• [Data excerpt]
○ ○ ○ ○ ○
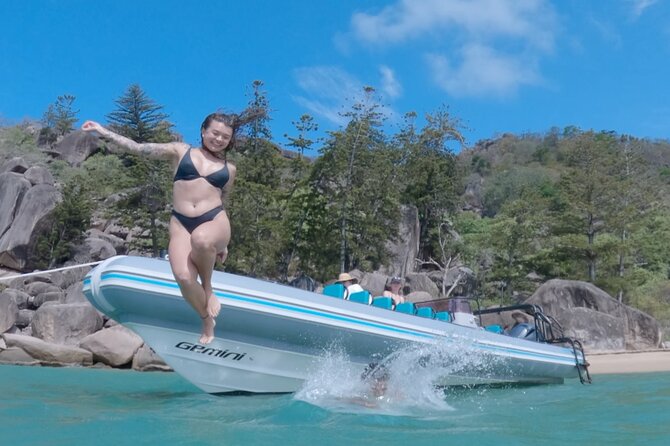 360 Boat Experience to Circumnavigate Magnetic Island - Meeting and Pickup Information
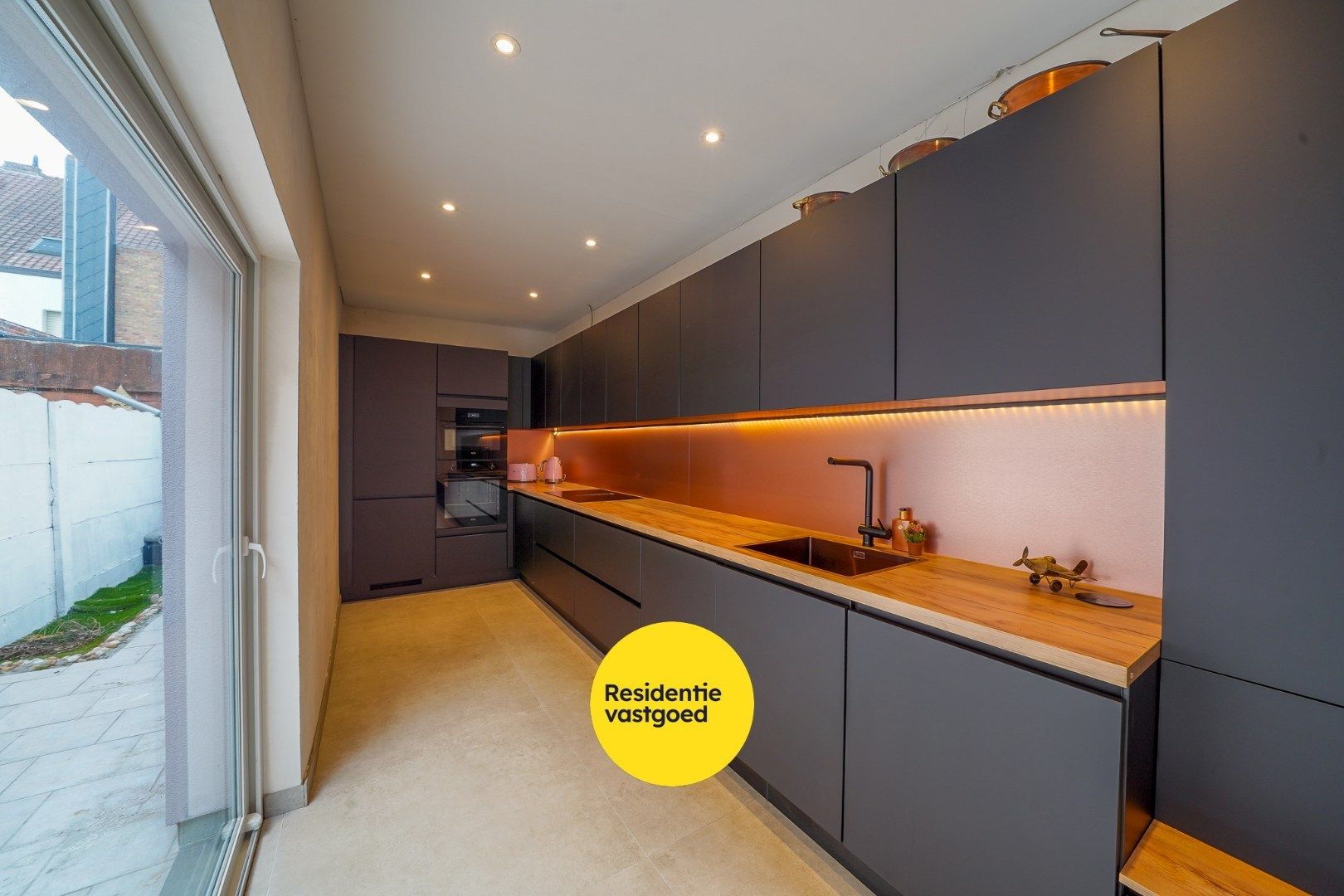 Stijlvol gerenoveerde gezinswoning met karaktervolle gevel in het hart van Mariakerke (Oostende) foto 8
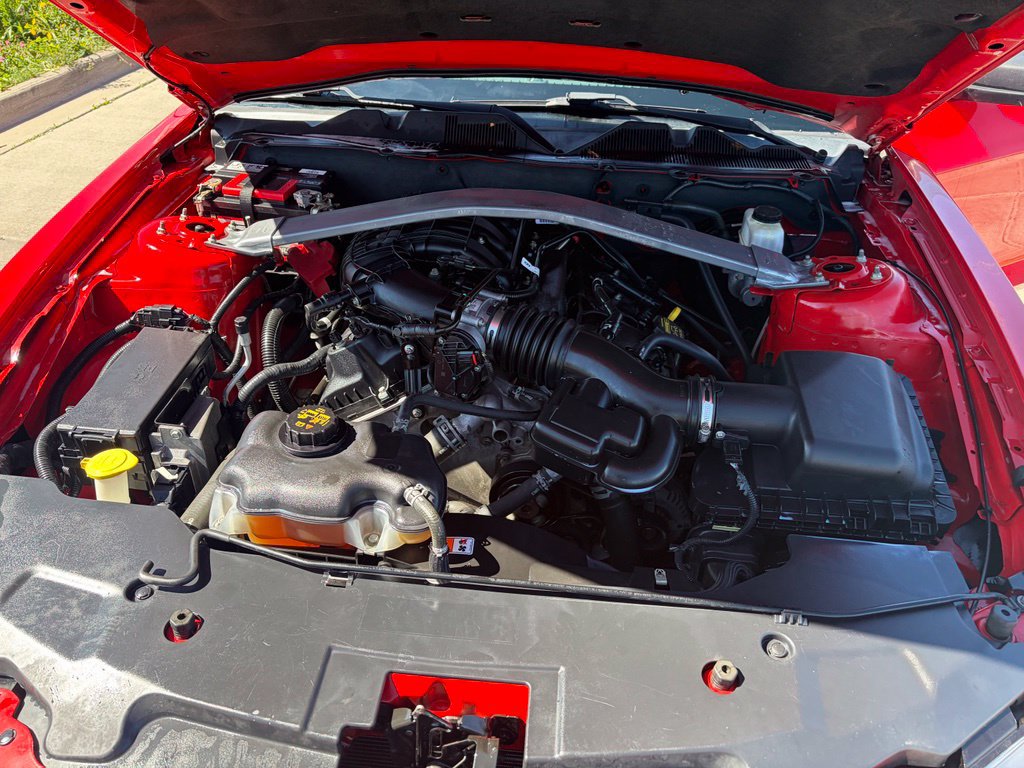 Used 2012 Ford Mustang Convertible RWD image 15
○ ○ ○ ○ ○
Please, leaving out all pictures, transcribe exactly the lines above from the one containing "Stijlvol gerenoveerde gezinswoning" through the final line, both included.

• [Answer]
 Stijlvol gerenoveerde gezinswoning met karaktervolle gevel in het hart van Mariakerke (Oostende) foto 8
 Used 2012 Ford Mustang Convertible RWD image 15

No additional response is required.